The SOS system is connected to a network from which it can download data sets displaying atmospheric, ocean, land or astronomic data as well as simulations and other extras. There are nearly 300 data sets currently available, and scientists and designers around the world are constantly creating more.
SPECIES ON A SPHERE
Steve Lewis of NOAA Fisheries has been working on SOS data sets at the NMFS since the sphere was installed in September of last year. With the help of a couple of high school and college interns, Lewis has combed through "massive amounts of data" in hopes of creating data sets to display on the sphere.
"It gives the ability of non-scientists to view things on a global scale," Lewis said.

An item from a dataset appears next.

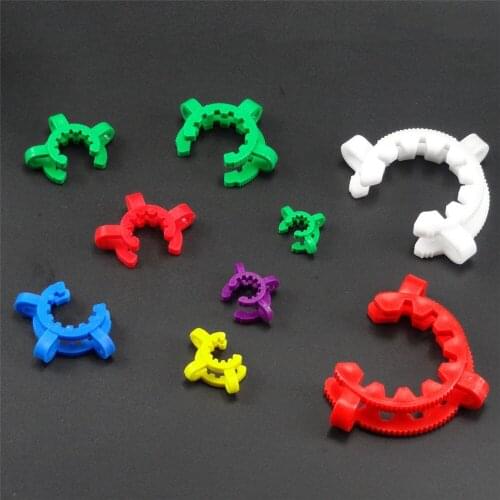10pcs/lot Plastic Keck Clamp,Laboratory Lab Clamp Clip,keck clip 10/12/14/19/24/29/34/40/45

For Lewis' current project, he has taken data from fisheries around the world and created a data set that displays catch levels between 1950 and 2006. Each species of catch is displayed in its own unique color and the amount is shown using charts that update every few seconds as a new year's data is displayed.
"When people walk up to the sphere, they see this pie chart and see what different countries are catching," Lewis said. "You can look at things on a global level and really see what's going on with the fisheries."

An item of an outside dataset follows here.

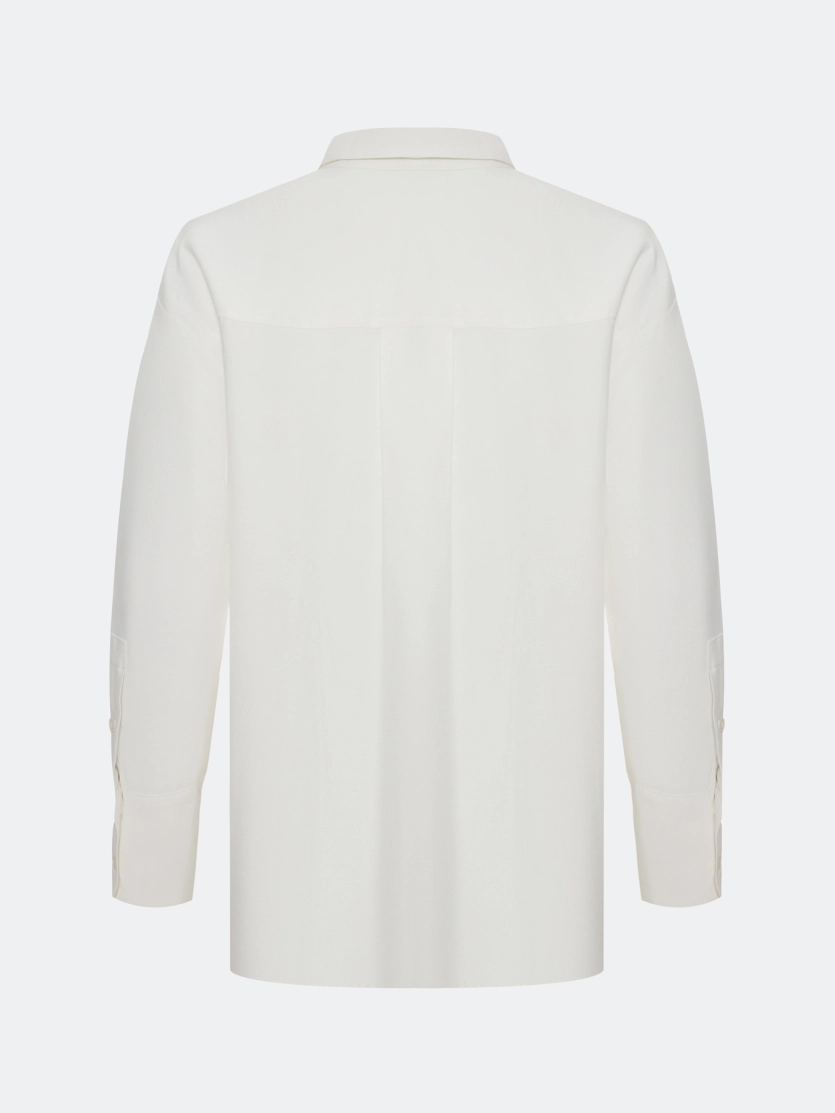 Классическая блузка из вискозы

Lewis' next task is to overlay this data set with another that shows climate records and weather data. His hope is to find the correlations between weather trends and the amount of biomass that is taken out of the oceans. SOS allows this type of research to be displayed in ways like never before. Lewis said it's so stunning that some of his colleagues "almost fell off the stairs" at first sight of it.

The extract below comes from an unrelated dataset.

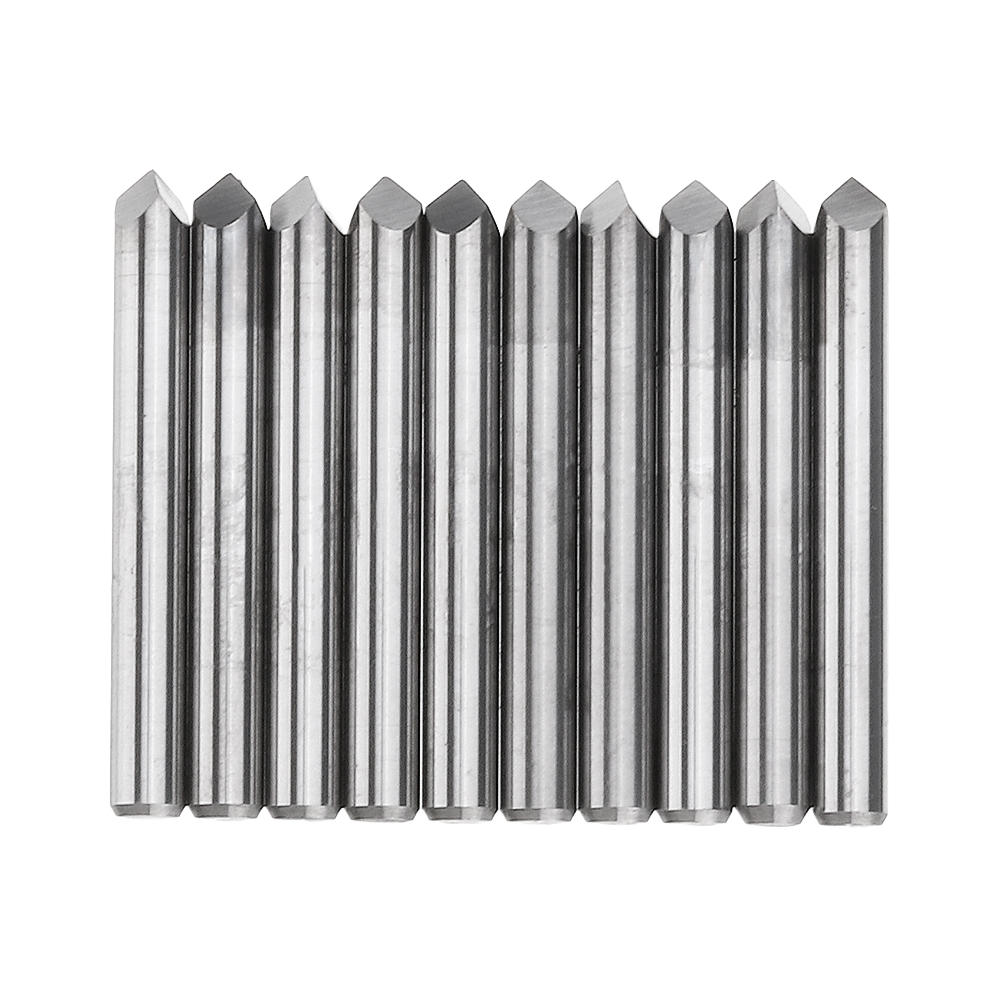 10pcs 3.175mm Shank 90 Degree 0.1/0.2/0.3mm Tip Engraving Bit CNC Tool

"All of a sudden, you see this stuff that has never been up there before," Lewis said. "It's going to be a great tool for us and we're processing data as quickly as we can."
The SOS at the NMFS will primarily be used for by scientists like Lewis for research and data display purposes. It will also be utilized during summer science camps and when school students visit the facility.
Juneau's second SOS display arrived at the Alaska State Museum in March. Museum staff are still working to finish the renovation that was necessary to install the sphere, but besides a bit of drywall dust the SOS is fully operational as the museum's newest permanent exhibit.
Lisa Golisek, security and visitor services coordinator at the Alaska State Museum, said the SOS system "works a lot like an iPod." Playlists may be developed by genre or subject, or users may customize their own playlist.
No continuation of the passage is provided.